I went further in my quest to check out what I was told. I always make a point of checking things out. The Fédération des caisses populaires Desjardins du Québec also told us it had reservations about the Farm Credit Corporation broadening its mandate to include companies upstream and downstream of agricultural production. In the lower St. Lawrence region prior to 1998, the corporation was not very present and it existed alongside the Société de financement agricole du Québec and the financial institutions present in the lower St. Lawrence region.
In fact, the corporation's interest rates were higher, credit conditions were more stringent, and the Farm Credit Corporation was less aggressive on the regional market. In those days, the Farm Credit Corporation was an alternative for farmers when they were turned down for a loan by the financial institutions or the Société de financement agricole du Québec.
Since 1998, the situation has changed completely. It must be remembered that, when the Farm Credit Corporation lends money, it gets it out of the pockets of Canadian taxpayers; this is the public's money. The corporation takes this money and engages in unfair competition with caisses populaires and financial institutions.
What does the Farm Credit Corporation do? It sends its officials out to the 5th, 6th or 7th concession to visit farms. They knock on doors and ask “You wouldn't happen to need any money, would you?” No longer need a farmer go and visit the banking institution. Now the banking institution leaves Ottawa and heads for the best farms in Quebec. They are hard to miss.
They find the best, most productive farms, knock on the door and ask “Could we by any chance lend you some money? Do you happen to need any? We will give you a great deal. We will lend it to you at at least 0.5% less than any other financial institution”.
In the City of Laval, they even went so far as to make a loan at 1.5% under the going rate; in Nicolet, for some loans the rate given was 1.1% under.
When we are told that people in the financial institutions are satisfied, it remains to see what the banks have to say. The banks submitted a brief to the Standing Committee on Agriculture and Agri-Food in which they stated:
Canada's banks are in favour of competition in the marketplace by institutions that are all subject to the same regulations.

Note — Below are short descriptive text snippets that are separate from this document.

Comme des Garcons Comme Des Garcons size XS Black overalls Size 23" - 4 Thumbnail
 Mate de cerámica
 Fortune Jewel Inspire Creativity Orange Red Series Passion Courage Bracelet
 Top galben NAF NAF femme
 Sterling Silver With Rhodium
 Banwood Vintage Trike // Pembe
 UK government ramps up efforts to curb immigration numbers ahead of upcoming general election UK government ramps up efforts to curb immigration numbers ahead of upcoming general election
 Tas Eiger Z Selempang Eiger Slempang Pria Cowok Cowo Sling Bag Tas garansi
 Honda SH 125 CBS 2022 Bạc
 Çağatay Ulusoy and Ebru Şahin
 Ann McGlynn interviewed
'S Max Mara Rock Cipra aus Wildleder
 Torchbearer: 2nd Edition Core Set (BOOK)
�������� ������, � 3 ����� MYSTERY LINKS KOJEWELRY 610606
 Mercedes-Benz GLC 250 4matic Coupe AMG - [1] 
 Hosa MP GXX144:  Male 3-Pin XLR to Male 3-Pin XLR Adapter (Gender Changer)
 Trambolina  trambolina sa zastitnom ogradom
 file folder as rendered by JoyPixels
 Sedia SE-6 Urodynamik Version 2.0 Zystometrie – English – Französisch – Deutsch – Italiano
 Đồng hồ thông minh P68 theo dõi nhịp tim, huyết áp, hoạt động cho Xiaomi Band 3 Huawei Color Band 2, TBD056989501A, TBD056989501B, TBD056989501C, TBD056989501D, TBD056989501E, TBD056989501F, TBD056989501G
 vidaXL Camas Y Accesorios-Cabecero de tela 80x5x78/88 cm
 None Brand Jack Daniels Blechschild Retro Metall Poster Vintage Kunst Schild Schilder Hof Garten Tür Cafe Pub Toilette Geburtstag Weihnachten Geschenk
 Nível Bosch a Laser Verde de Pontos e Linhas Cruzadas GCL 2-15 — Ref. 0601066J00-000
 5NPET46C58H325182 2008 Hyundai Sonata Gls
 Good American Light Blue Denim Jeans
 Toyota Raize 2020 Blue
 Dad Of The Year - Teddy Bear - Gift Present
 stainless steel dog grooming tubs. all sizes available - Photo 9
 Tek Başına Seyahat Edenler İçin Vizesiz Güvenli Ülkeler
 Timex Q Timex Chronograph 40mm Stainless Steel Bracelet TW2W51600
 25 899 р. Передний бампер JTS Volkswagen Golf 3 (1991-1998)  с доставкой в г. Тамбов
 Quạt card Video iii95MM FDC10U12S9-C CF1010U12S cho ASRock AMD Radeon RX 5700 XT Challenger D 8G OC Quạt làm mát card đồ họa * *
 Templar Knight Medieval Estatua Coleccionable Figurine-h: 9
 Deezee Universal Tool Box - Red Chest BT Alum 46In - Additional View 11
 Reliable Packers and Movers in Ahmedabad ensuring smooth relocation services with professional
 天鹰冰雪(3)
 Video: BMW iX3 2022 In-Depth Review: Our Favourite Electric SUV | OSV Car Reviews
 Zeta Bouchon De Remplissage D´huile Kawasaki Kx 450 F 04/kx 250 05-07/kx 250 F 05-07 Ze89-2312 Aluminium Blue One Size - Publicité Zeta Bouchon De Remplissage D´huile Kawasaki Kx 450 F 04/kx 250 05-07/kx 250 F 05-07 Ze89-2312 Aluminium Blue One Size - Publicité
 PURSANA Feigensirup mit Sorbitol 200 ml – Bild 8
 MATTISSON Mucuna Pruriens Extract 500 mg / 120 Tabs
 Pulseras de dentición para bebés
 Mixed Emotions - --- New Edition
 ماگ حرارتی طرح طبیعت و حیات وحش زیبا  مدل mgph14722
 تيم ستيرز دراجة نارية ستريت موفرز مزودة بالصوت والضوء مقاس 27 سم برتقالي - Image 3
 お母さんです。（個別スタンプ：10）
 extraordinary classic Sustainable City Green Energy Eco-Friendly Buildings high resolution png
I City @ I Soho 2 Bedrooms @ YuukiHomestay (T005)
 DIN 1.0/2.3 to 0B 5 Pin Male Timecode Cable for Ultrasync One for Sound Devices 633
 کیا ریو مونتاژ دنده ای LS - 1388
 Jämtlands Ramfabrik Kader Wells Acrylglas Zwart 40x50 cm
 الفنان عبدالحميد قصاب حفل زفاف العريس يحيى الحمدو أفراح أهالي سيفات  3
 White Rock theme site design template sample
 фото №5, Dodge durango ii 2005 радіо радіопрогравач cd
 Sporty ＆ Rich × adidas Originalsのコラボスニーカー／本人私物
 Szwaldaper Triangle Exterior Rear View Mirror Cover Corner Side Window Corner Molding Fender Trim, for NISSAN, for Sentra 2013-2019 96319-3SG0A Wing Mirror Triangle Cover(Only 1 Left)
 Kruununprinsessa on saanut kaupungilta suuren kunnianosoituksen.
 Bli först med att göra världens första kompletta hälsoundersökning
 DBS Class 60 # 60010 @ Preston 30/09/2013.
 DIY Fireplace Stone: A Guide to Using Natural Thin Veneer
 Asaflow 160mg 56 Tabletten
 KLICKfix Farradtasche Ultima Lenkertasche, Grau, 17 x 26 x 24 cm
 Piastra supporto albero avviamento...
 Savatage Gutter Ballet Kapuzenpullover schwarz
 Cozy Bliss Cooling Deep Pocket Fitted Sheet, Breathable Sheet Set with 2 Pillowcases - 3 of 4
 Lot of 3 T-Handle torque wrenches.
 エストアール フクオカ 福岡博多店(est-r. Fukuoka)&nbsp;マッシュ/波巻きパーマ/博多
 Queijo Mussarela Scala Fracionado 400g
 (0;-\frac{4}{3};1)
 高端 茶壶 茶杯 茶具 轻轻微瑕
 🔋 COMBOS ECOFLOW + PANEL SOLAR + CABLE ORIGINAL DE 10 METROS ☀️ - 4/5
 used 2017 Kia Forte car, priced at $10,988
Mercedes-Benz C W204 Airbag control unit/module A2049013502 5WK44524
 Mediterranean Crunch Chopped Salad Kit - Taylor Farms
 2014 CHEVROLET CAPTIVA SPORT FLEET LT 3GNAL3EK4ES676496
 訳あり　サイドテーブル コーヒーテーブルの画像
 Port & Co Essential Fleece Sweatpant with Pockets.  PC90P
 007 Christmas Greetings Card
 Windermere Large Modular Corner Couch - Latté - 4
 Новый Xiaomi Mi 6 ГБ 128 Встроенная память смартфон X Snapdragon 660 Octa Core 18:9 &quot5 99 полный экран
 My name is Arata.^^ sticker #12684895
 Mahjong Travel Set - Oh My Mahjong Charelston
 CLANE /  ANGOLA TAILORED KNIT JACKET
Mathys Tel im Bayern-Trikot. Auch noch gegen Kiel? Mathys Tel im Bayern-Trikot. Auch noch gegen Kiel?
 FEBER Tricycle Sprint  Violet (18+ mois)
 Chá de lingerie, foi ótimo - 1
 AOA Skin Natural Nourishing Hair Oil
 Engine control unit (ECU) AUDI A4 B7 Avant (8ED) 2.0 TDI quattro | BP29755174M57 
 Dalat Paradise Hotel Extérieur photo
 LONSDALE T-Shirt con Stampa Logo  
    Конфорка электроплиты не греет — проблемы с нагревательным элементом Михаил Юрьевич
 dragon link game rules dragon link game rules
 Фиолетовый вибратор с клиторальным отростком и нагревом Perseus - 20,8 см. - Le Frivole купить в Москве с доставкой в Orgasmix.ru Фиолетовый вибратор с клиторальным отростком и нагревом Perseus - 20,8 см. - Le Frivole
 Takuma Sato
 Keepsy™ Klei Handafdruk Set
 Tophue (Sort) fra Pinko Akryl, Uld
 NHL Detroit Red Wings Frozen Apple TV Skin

We are, however, of the opinion that government agencies such as the Farm Credit Corporation, which operate thanks to government support and are not subject to the whole range of prudent regulatory requirements, ought not to be mandated to be in direct competition with private sector financial institutions.
Such a mandate falsifies market competition by enabling such suppliers of services to carry out activities under conditions that are not only different but less stringent than those applied to others in the same field.
Here we have a bill that is extremely dangerous for the financial institutions of Quebec and Canada. This will be an institution, an agency, in unfair competition with the financial institutions, which are governed by very, very strict rules.
As a result, although we in the Bloc Quebecois will support the Canadian Alliance amendments, we are unfortunately obliged to not support the government in the passage of Bill C-25.